WORK ITEM>
Retype the listing below line for line, but only from the line with "ITALIAN RENAISSANCE REVIVAL" down to the line with "DEBBY Tiffany Parrot", inclusive. Pictures stay out.

RAW DATA>
————

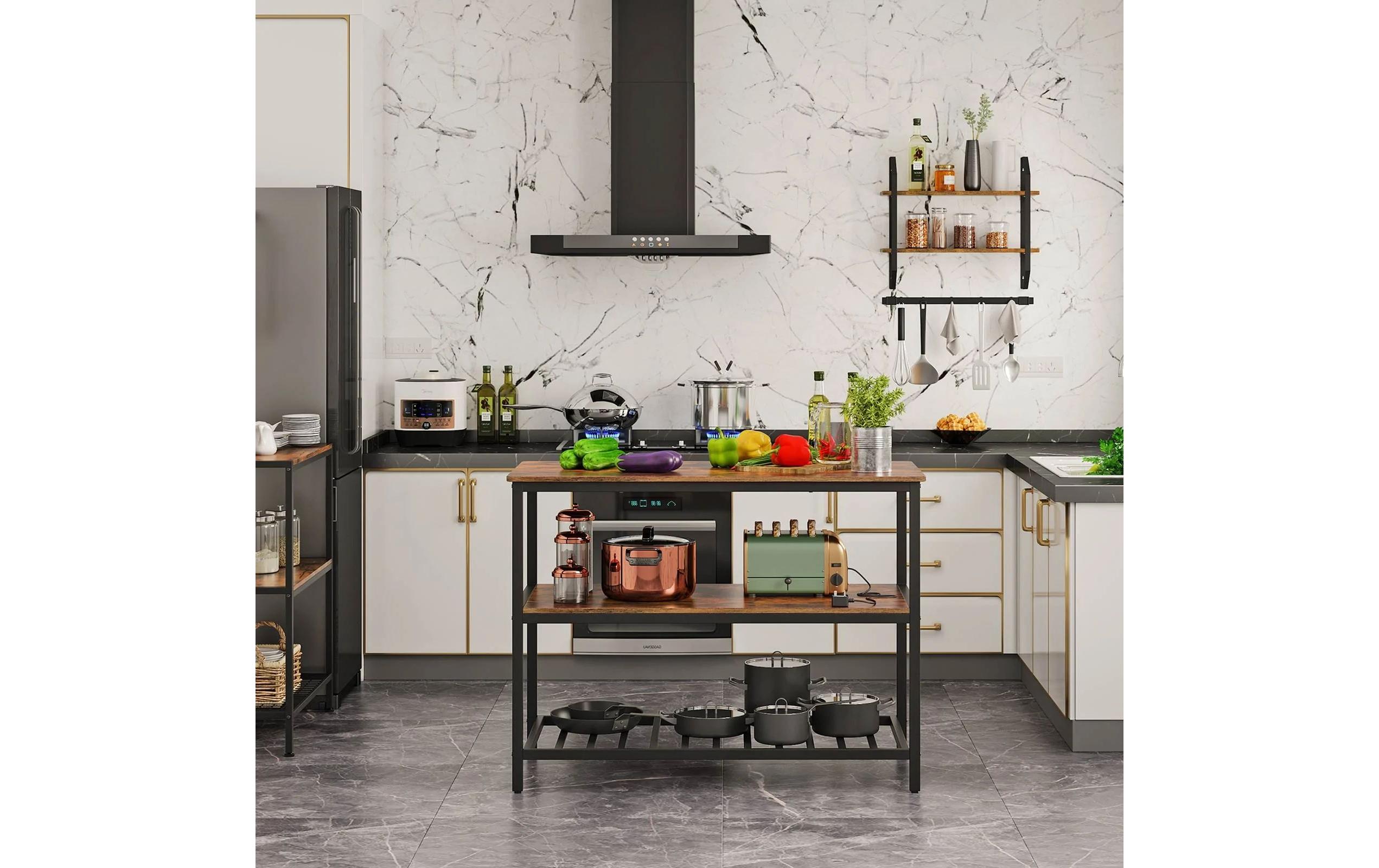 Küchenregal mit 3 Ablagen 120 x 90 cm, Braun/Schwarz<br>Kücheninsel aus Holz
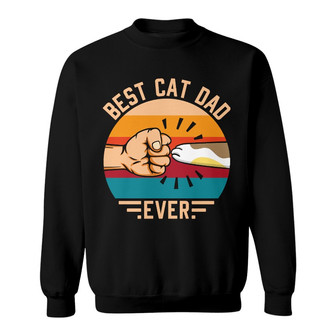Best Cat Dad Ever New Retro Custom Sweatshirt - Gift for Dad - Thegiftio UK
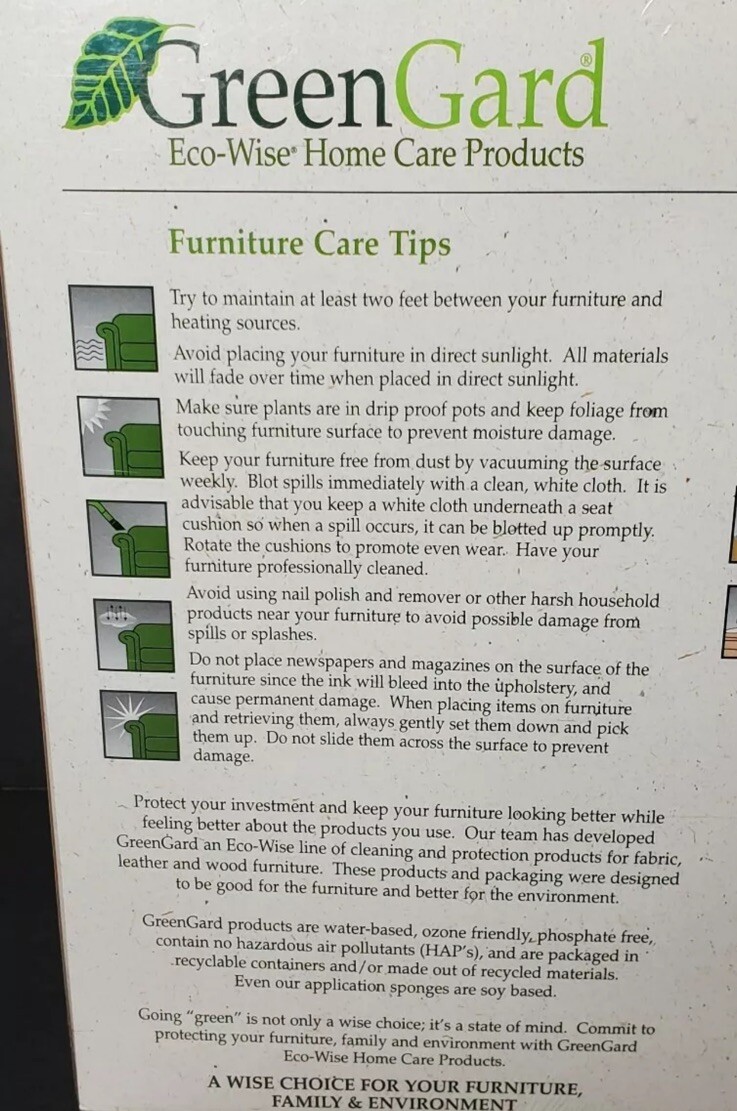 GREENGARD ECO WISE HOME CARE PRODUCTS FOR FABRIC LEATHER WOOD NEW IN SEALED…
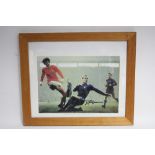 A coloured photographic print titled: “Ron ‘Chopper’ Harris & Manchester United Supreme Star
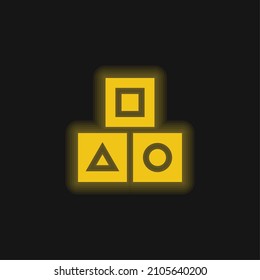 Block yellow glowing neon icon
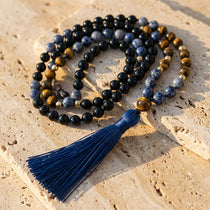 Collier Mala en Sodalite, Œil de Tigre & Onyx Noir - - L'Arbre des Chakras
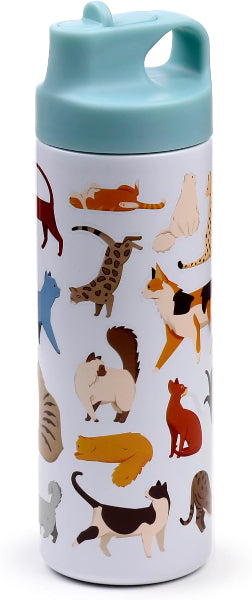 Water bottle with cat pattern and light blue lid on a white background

————

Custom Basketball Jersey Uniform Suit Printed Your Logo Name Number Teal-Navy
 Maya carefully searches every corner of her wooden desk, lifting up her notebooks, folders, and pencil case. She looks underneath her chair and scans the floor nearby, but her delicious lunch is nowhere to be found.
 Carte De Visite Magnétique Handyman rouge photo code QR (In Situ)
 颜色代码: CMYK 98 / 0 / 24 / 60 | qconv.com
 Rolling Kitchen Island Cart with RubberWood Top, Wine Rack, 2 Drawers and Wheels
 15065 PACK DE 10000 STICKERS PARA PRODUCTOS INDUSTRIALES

————

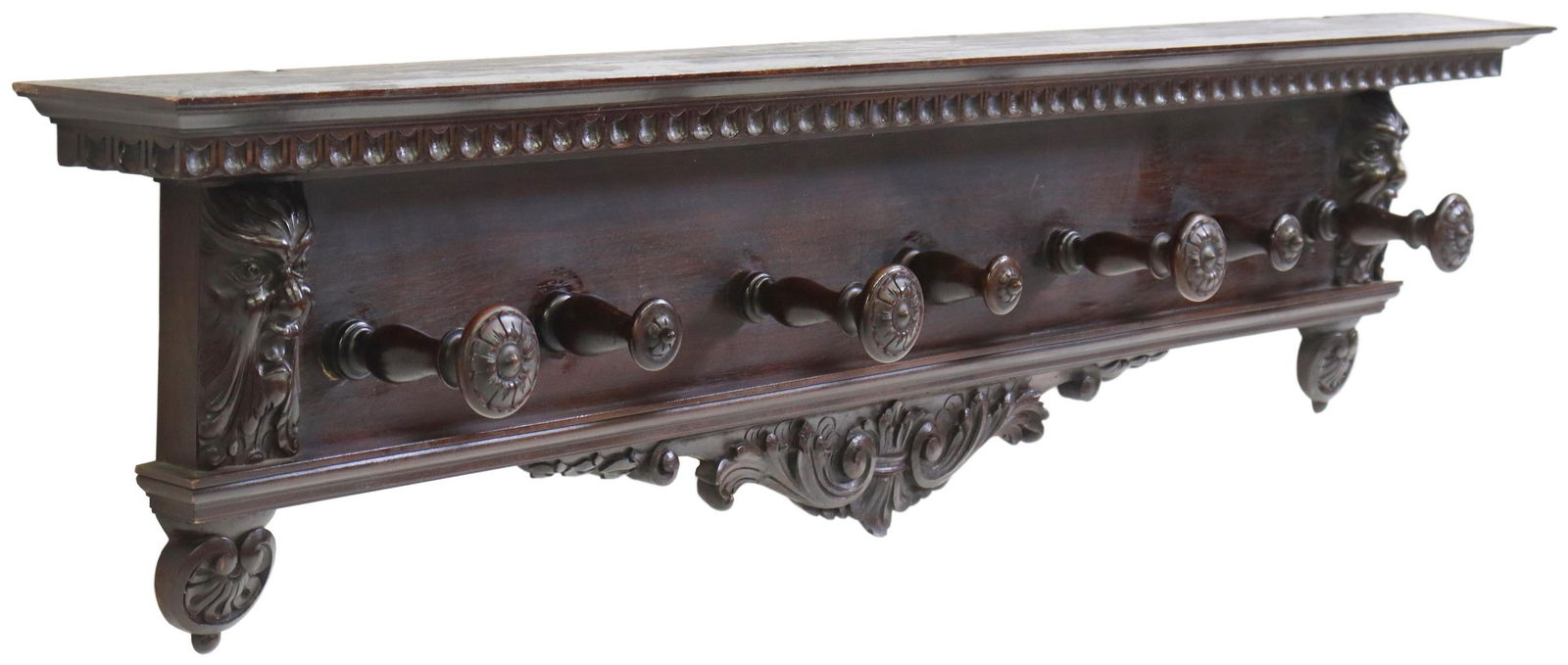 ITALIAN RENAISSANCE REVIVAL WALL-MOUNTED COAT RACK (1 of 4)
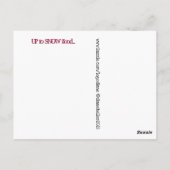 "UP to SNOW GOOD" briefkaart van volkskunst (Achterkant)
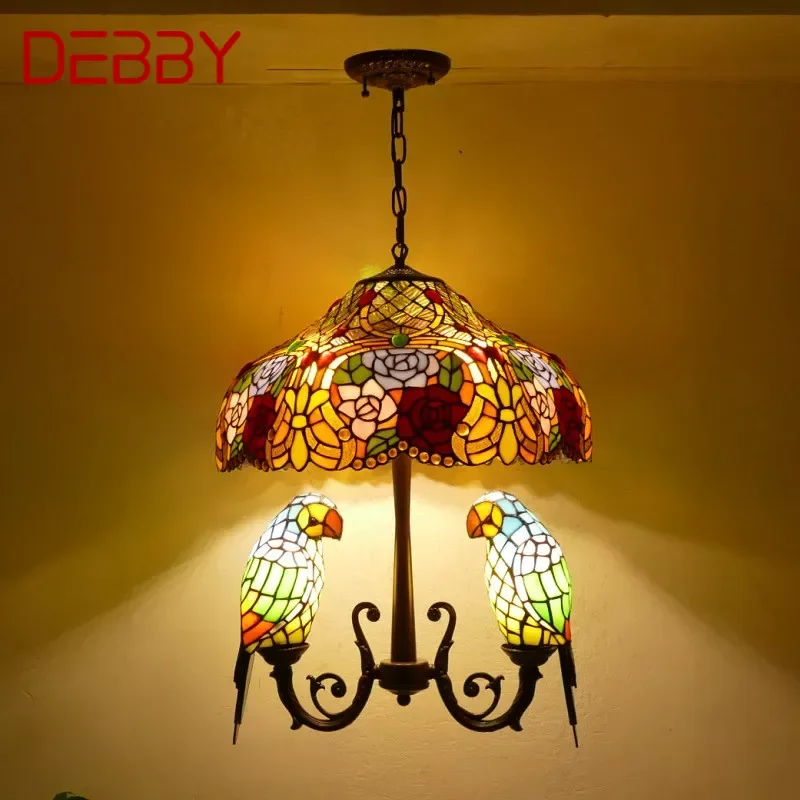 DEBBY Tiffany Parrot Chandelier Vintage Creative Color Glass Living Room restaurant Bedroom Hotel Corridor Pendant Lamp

————

RESULT OF THE EXERCISE>
 ITALIAN RENAISSANCE REVIVAL WALL-MOUNTED COAT RACK (1 of 4)
 "UP to SNOW GOOD" briefkaart van volkskunst (Achterkant)
 DEBBY Tiffany Parrot Chandelier Vintage Creative Color Glass Living Room restaurant Bedroom Hotel Corridor Pendant Lamp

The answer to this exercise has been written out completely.